Again, though, I agree that the concept of “crown copyright” doesn’t really make sense, and it is a good thing that the US has rejected the concept.


Anonymous Coward says:

Just a cautionary note lest people be mislead into thinking that the USG can never hold a copyright. Ignoring the very few exceptions (e.g., USPS), or when a copyright is transferred to the USG by assignment, bequest or devise, the reason “US Government Works” are deemed to be in the public domain is because the Copyright Act says so. In other words, if Congress were to amend the act and remove this section there would be no impediment under the act for the USG to claim a copyright.

Fentex says:

If the purpose of copyright is to give incentives to create the content

You should not be so ready to conflate U.S Constitutional provisions for copyright with other nations laws.

The U.S Constitution may make it clear the purpose of copyright in the U.S is to encourage the creation of useful arts, but as Crown Copyright does not exist in the U.S, neither does the U.S Constitution speak for other jurisdictions ambitions for copyright.

TtfnJohn (profile) says:

As the article says the UK Central Government is about to release documents under a Creative Commons license so the fears of fees seem to be allayed, at least a bit.

In Canada the Crown Copyright lays with the Federal, Provincial and Territorial governments and the Queen’s Printer in each jurisdiction.

AFAIK, no one has ever been hauled into court for redistributing all or part of an FOI request result in Canada, quoting from one or commenting directly on the content.

My understanding is that the Crown Copyright has historically been only for preservation, or at least that’s been the excuse.
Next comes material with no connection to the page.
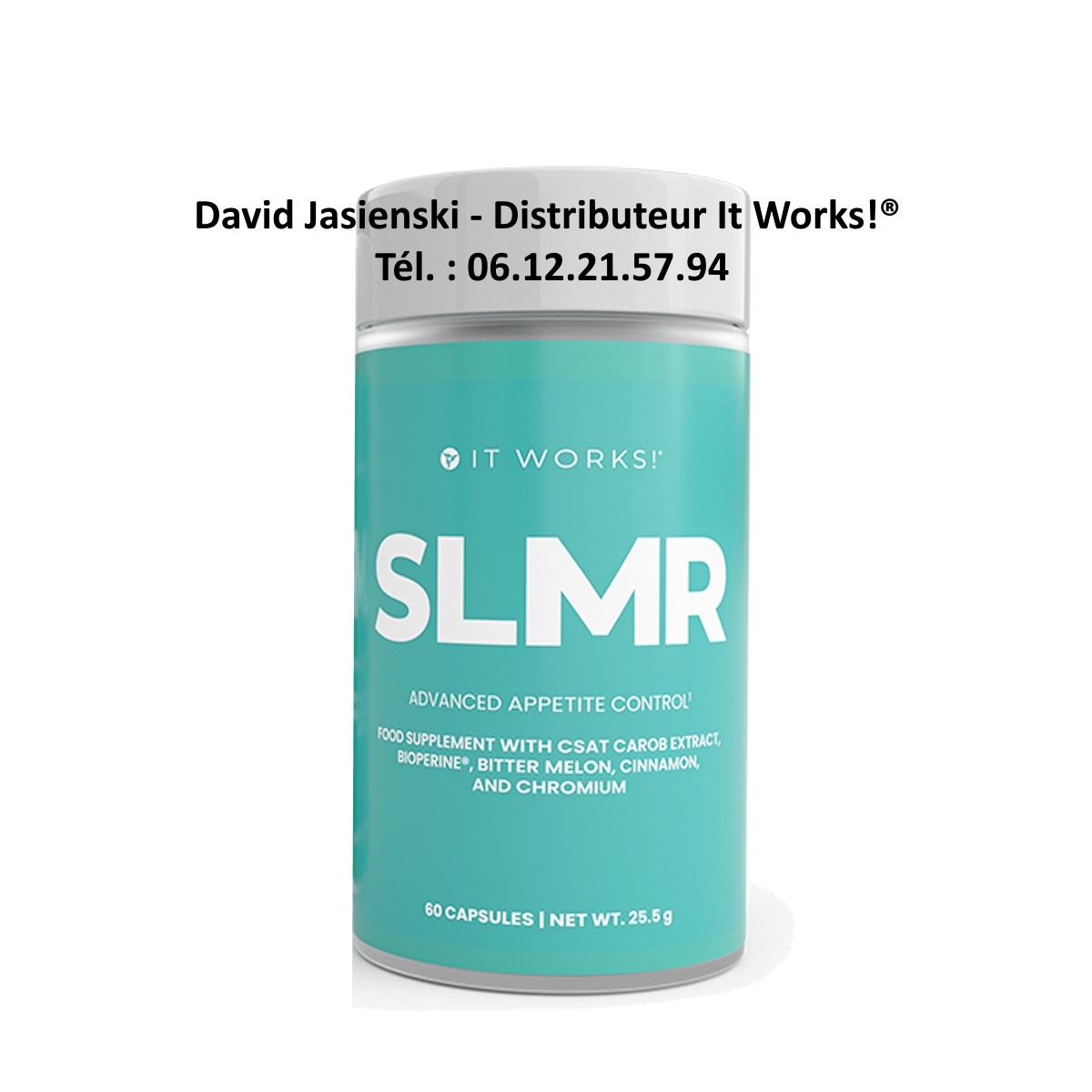 slmr it works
I’m certainly not claiming that it hasn’t been abused or never will be but if we follow the UK pattern it reduces the chances.

That said, copyright and patents are supposed to serve the same basic purposes they’re supposed to serve in the United States.

Revelati says:

So you just FOIA documents, take a few simple precautions, and post them anonymously. You see the documents, the public sees the documents, and the government gets angry but cant enforce its own law because it can’t prove that you did anything.
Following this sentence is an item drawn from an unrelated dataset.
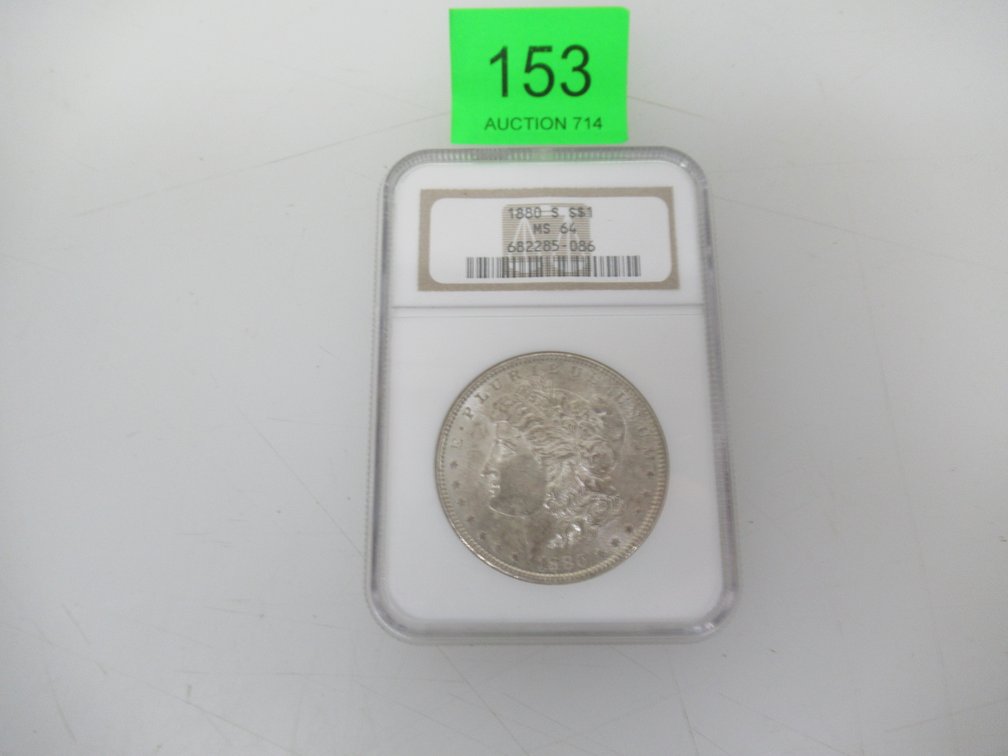 Lot 153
Many people have been posting, uploading, and bit-torrenting things that are technically illegal for decades. Just wait untill some old crotchety MP (who thinks the internet is run on squirrel cages greased with unicorn tears) uses this copyright crap as an excuse to cover up some questionable fund allocations. The information will be revealed anyway, this ridiculous “crown copyright” will get pushed into the public spotlight, and anyone in government dumb enough to try and defend it will get slapped into next week by the Streisand effect.
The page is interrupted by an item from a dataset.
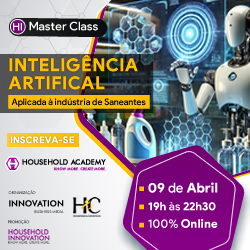 Master Class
If some government wants to make itself look incompetant by having these unenforceable laws on the books, then I feel like its our fault for paying them…

Anonymous Coward says:

No, no, no!

The CORRECT way to deal with this is to maintain a website with an email system for exclusive use by that website. Submitting your name automatically files a FIA form for everything on record and everything to come. All forms are put in email/pdf/whatever format to your email for that site. Since it is exclusively for that site, you really only need to store one copy of each.